WHAT YOU WILL DO.
From the records below, output exactly the lines starting at the line with "How To Draw" and ending at the line with "Couverture Polaire Maison", both of them included, but no pictures.

RECORDS START

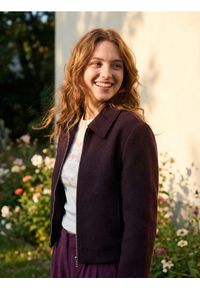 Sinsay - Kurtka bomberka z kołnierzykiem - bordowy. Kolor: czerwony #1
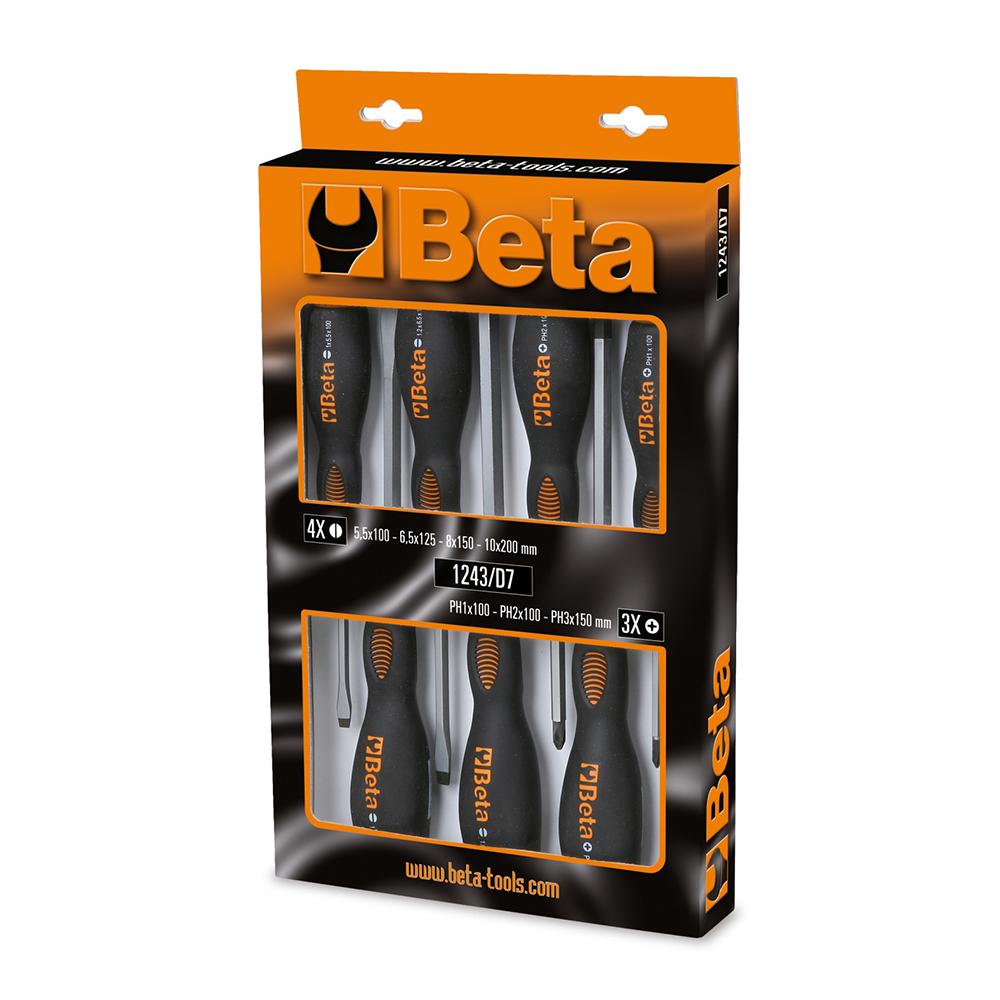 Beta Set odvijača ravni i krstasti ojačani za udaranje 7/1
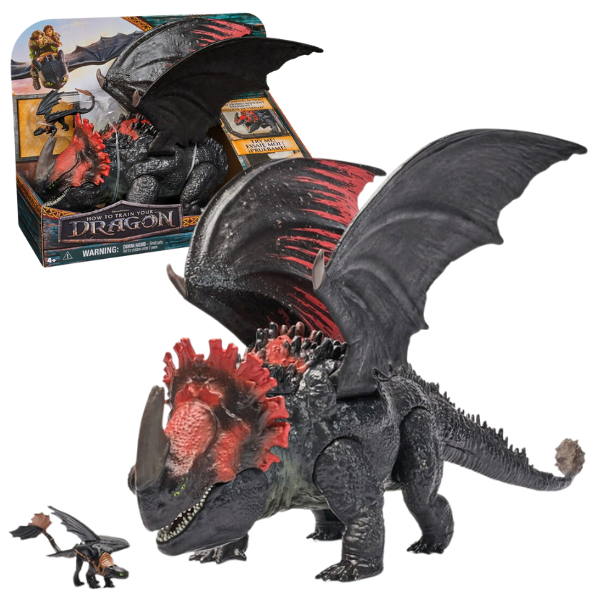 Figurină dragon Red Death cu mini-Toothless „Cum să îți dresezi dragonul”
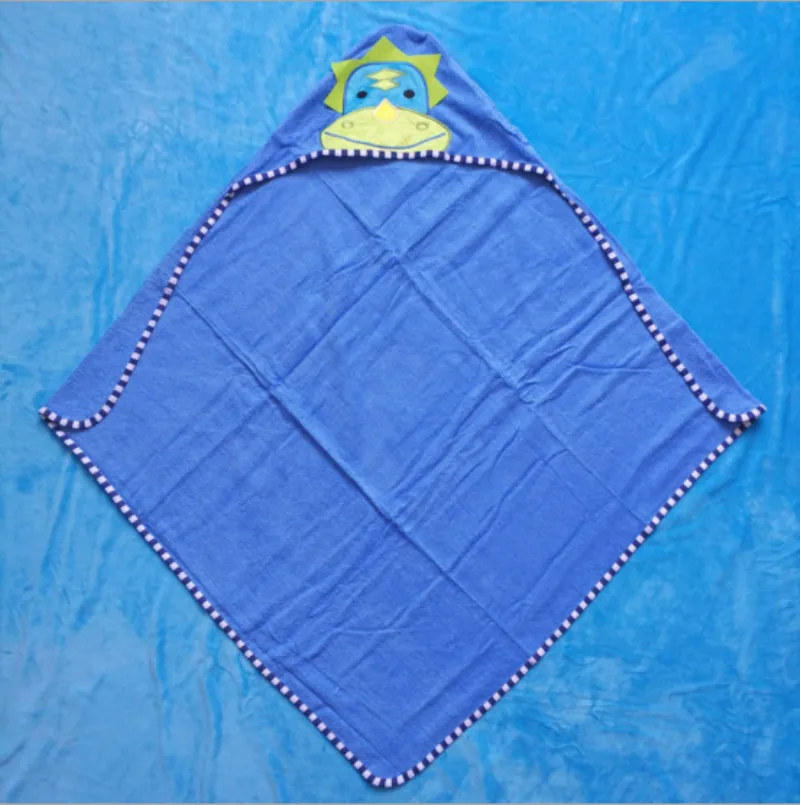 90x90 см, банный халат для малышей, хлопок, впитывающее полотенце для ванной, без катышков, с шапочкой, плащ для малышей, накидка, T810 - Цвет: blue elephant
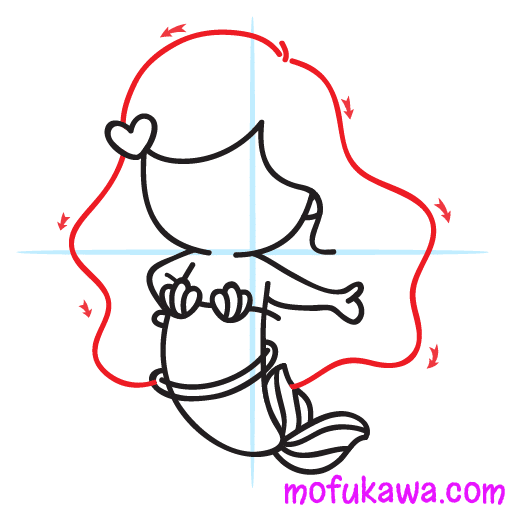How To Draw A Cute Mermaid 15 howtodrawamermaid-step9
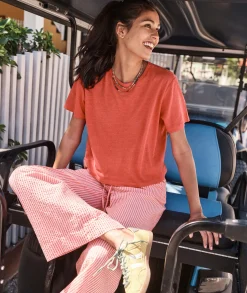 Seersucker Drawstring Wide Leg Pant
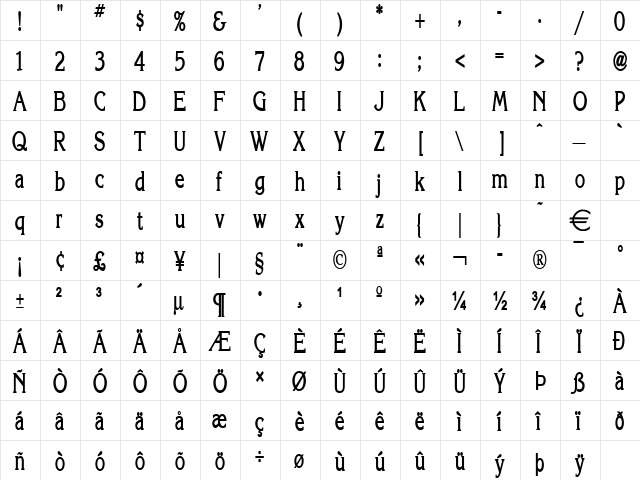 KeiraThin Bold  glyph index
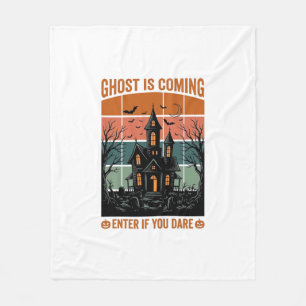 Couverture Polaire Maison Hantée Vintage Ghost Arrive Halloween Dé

RECORDS END
RECORDS START

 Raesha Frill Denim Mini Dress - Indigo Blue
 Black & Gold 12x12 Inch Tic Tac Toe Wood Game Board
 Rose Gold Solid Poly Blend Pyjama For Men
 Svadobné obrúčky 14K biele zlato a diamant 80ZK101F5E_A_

RECORDS END

WRITTEN RESPONSE.
How To Draw A Cute Mermaid 15 howtodrawamermaid-step9
 Seersucker Drawstring Wide Leg Pant
 KeiraThin Bold  glyph index
 Couverture Polaire Maison Hantée Vintage Ghost Arrive Halloween Dé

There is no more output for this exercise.